ROANOKE TIMES

                         Roanoke Times
                 Copyright (c) 1995, Landmark Communications, Inc.

DATE: THURSDAY, August 4, 1994                   TAG: 9408050044
SECTION: BUSINESS                    PAGE: B-8   EDITION: METRO 
SOURCE: Knight-Ridder Newspapers
DATELINE: WASHINGTON                                LENGTH: Medium


RETAIL PRICES STEADY

Prices are holding steady at the retail level despite broad-based commodity price increases, the Federal Reserve said Wednesday in its Report on Current Economic Conditions, commonly called the Beige Book.

``Virtually all districts report that competitive pressures are holding prices down at the retail level,'' the nation's central bank said.

``Presumably, retail margins are being squeezed'' because prices are increasing for a broad range of business materials, including finished steel and steel scrap, copper, wood, paper and paperboard, building materials, including brick and glass, and wool and other textile products.''

Labor markets tightened in several districts, but actual labor shortages were noted only in a few skilled occupations, resulting in limited cases of faster wage growth.

Recent U.S. economic activity expanded ``at a solid pace'' in most Federal Reserve districts, ``with only scattered observations of weakness,'' the Fed said.In its last beige book, released in late June, the Fed reported that competitive pressures were keeping retail prices stable. However, increases were noted in manufacturers' raw materials prices. In that report, the Fed said economic expansion continued, but that growth in some areas had recently moderated.

The Fed beige book is released every six weeks, shortly before meetings of the policy-making Federal Open Market Committee, which recommends changes in key interest rates. The next FOMC meeting is scheduled for Aug. 16.

Wednesday's report was prepared by the Cleveland Fed based on information obtained from the 12 Fed districts before July 25.

Manufacturing activity in a broad range of industries continued to expand. Construction activity is holding steady with a ``drop-off'' in residential building reported in many districts partially offset by moderate stronger commercial building.
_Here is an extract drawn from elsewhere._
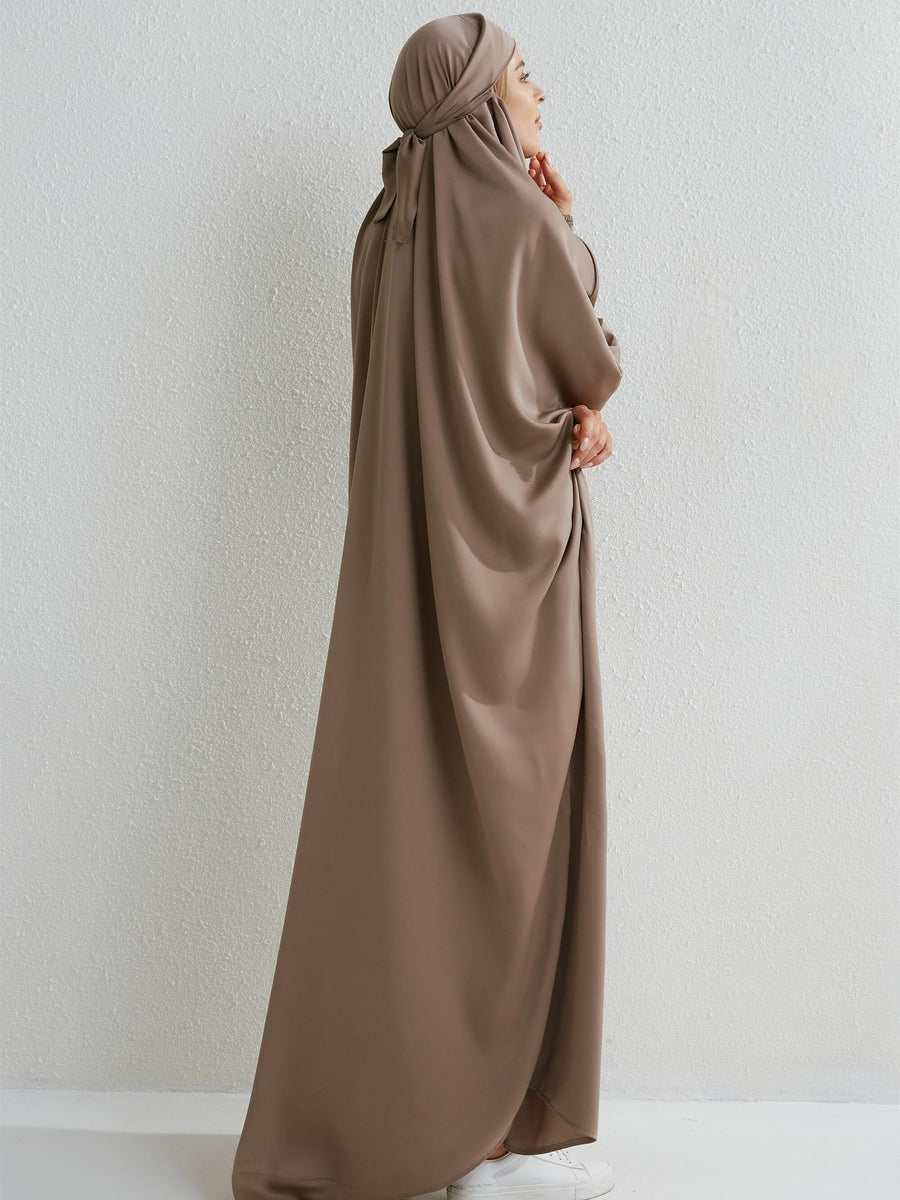 Islamic Attire for Women Featuring a Hooded Jilbab with Smocking Sleeves, Designed for Prayer, Suitable for Modesty in Dubai And Saudi Arabia, Available in Black - Taro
``Higher mortgage interest rates are commonly blamed for a slowdown in home sales and new construction,'' the Fed report said.
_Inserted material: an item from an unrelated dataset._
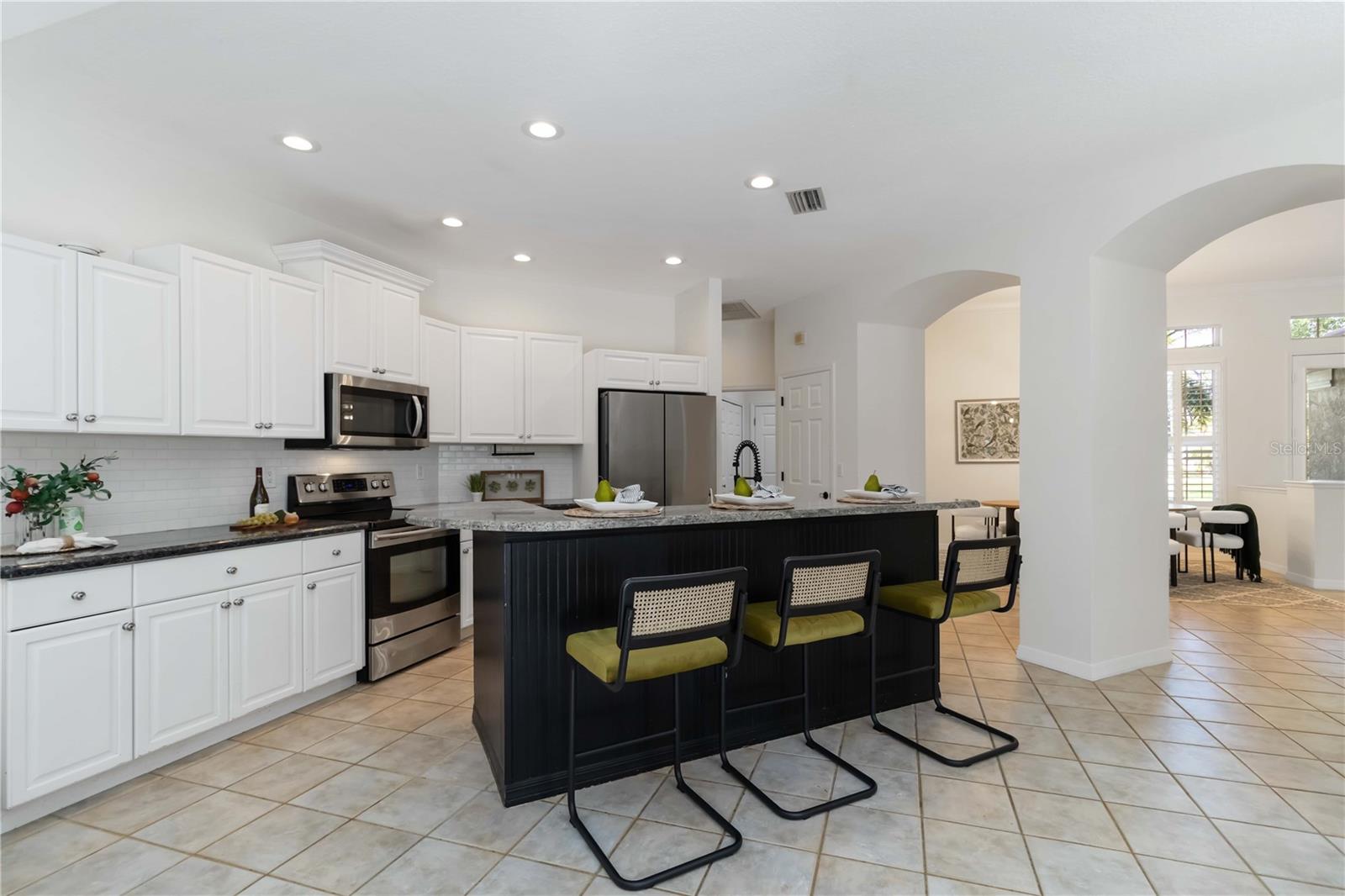 Image 29 of 54 For 5401 Oak Grove Court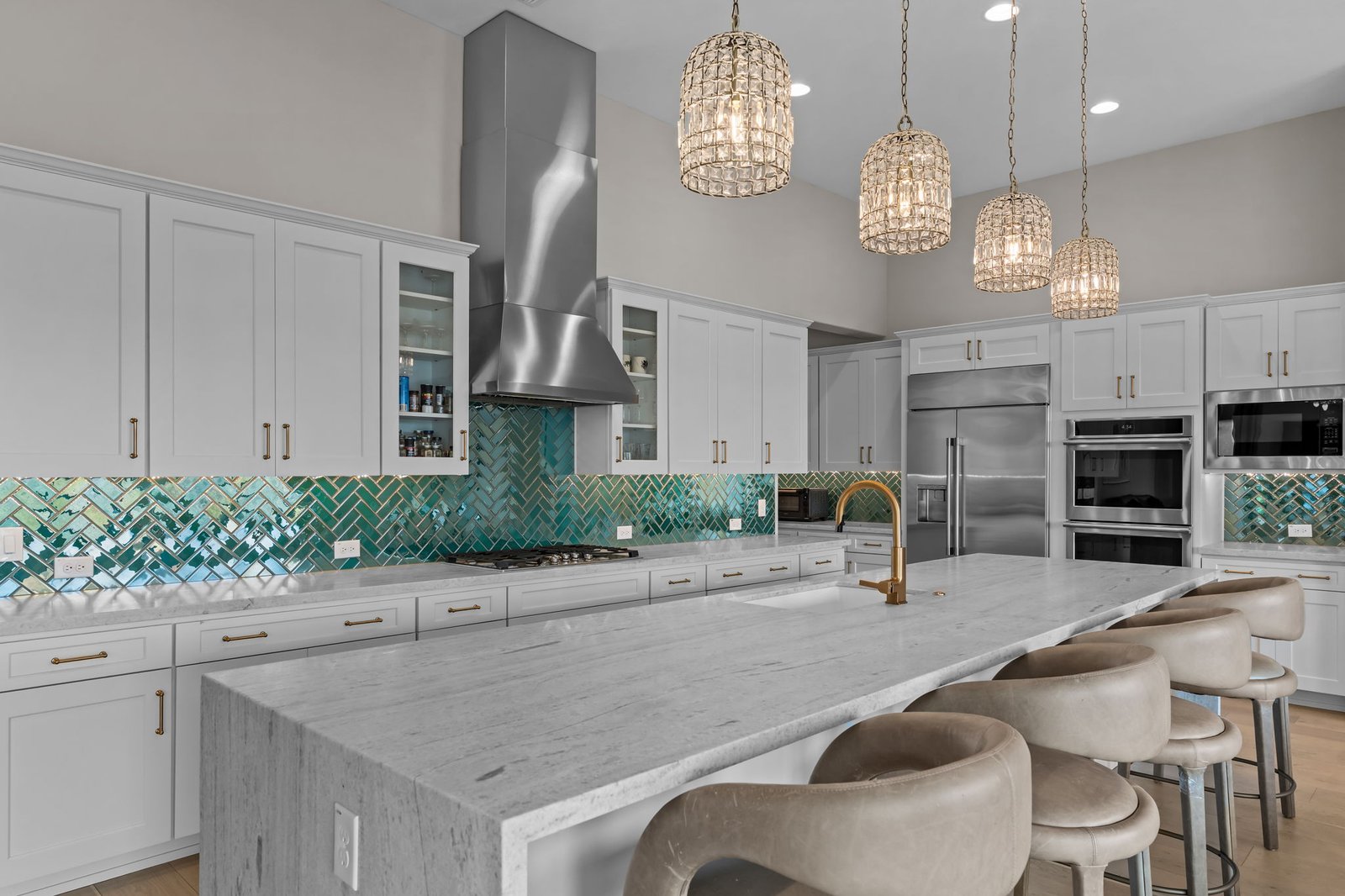 18-web-or-mls-DSC05807 3300 MAVERICK DRIVE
Retail activity picked up recently, particularly sales of autos, building materials and appliances. Apparel sales improved in some districts as well.
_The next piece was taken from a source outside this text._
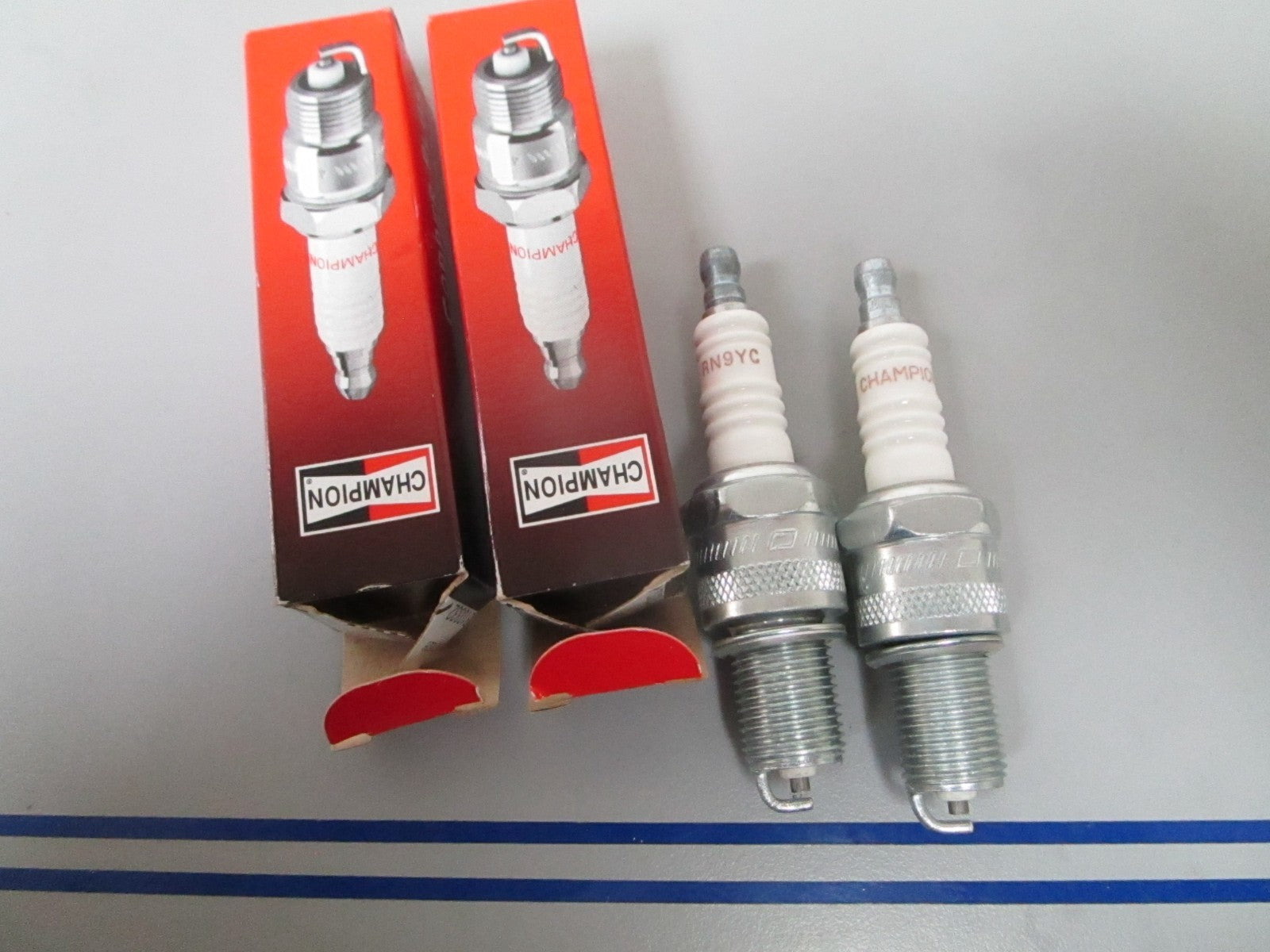 NEW (LOT OF 2) RN9YC Champion Spark Plug 0810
``Retailers are guardedly optimistic about prospects over the remainder of the year, with continued strength anticipated in the new car market,'' the report said.

Jobs growth in manufacturing was uneven across regions and industries, the report said. Companies continue to use temporary workers and have their employees work a lot of overtime. The continued resistance of firms to add new permanent workers was noted in several districts.

Still, ``reports of job cutbacks are more rare,'' although they continue in the aerospace industry and the New York financial and retail industries.

Consumer borrowing was at high levels in virtually all districts, the Fed said. Lending activity expanded moderately even in California, ``where the business trend remains flat,'' it said.